That's pretty funny, but I was being serious. Let's put aside his lack of educational credentials for the moment and say he's a person who for whatever reason, has had a strong interest in electronics dating back 25 or so years. Maybe he took a few courses, maybe he went to the library and started boning up, subscribed to various amateur electroncs publications, built some kits, tore stuff up and put it back together again. A person like that would've developed skills and knowledge. He'd have practiced and developed skills in soldering and the ability to understand and solve circuit diagrams. A person like that would have the tools necessary to do his job effectively, know how to use them and know how to intepret the results. You'd expect something like that, wouldn't you?
It's not like the above is unusual. You all probably know people who aren't professionally trained but are pretty good at what they do. Might be a grandmother who makes a killer apple pie with the flakiest crust and doesn't have to measure. She looks and feels things with her hands and you wonder why the damned better quality restaurant you go to can't do the same thing. Or maybe it's an amateur astronomer who makes his own telescopes and on his own has studied optics, ground his own mirrors, and has made discoveries.
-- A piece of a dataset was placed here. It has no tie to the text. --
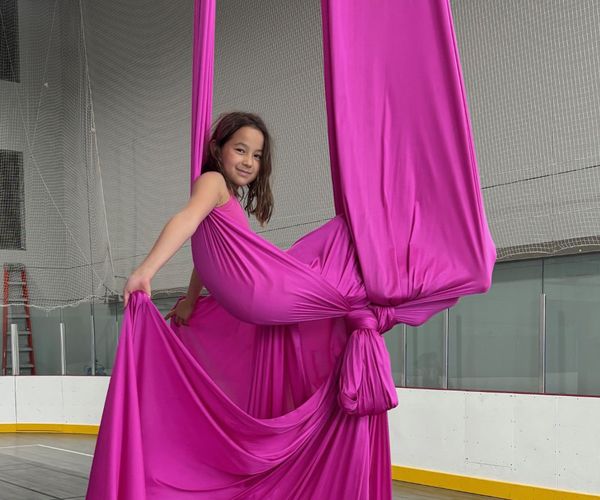 A young person sits suspended in bright pink aerial silks.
He can have a serious discussion with trained astronomers and even help a college student with their optics and light transmission assignments. Or maybe it's that car modder who's developed understanding of engine performance enhancements and knows what he's got to do to the transmission, axles, suspension, ECU, tires in order to get all that performance to the wheels and start turning 11's at the track.
The world is full of people that haven't had formal training but know their stuff. They might not be able to design a car from scratch. They might not be able to bake everything. They might not be able to design a new glass with a particular property. But within their specialized area they're pretty sharp Why, some even kick Bobby Flay's ass from time to time. People like that can have intelligent discussions with professionals who have trained skills in those area.
Now, is Schulte one of these? The shear breadth of what he says he can work on indicates a great familiarity with the circuit designs and more than a passing knowledge of electrical engineering. But if a problem arises and he is incapable of diagnosing and fixing it and instead needs to turn to an outside source ought that not tell you something? He might be just like that person who fancies himself a Honda Civic modifier (a very popular car for this sort of work) but all he can do is throw on a cold air intake, swap the plugs for Iridium based ones, put on some blue silicone 8mm wires, and replace the exhaust with 2" pipes and a throatier muffler. Both people have replaced perfectly good parts with more expensive and theoretically 'better' parts whose names have a certain panache. Both people know what buzz words to say because they've been repeated enough and for the unitiated, they seem to suggest competence.
Yet, if you ask both if they measured before and after the answer will be no. If you ask them more technical questions they'll look at you like a deer caught in the headlights. A person wrote to me when they asked Shulte a question about 12 volt triggers, he was flummoxed. He was caught in the headlights. I suggest that those interested in Schulte's work, and for that matter any person who is in the market of modifiying equipment, something more probing. Don't be satisified with the auto responses of better pace, timing, darkness, musicality, space, enhanced organicness, more analog, and all that. Anybody can babble those off. Even a comedian. Some work the comedy clubs in Michigan. Some work you.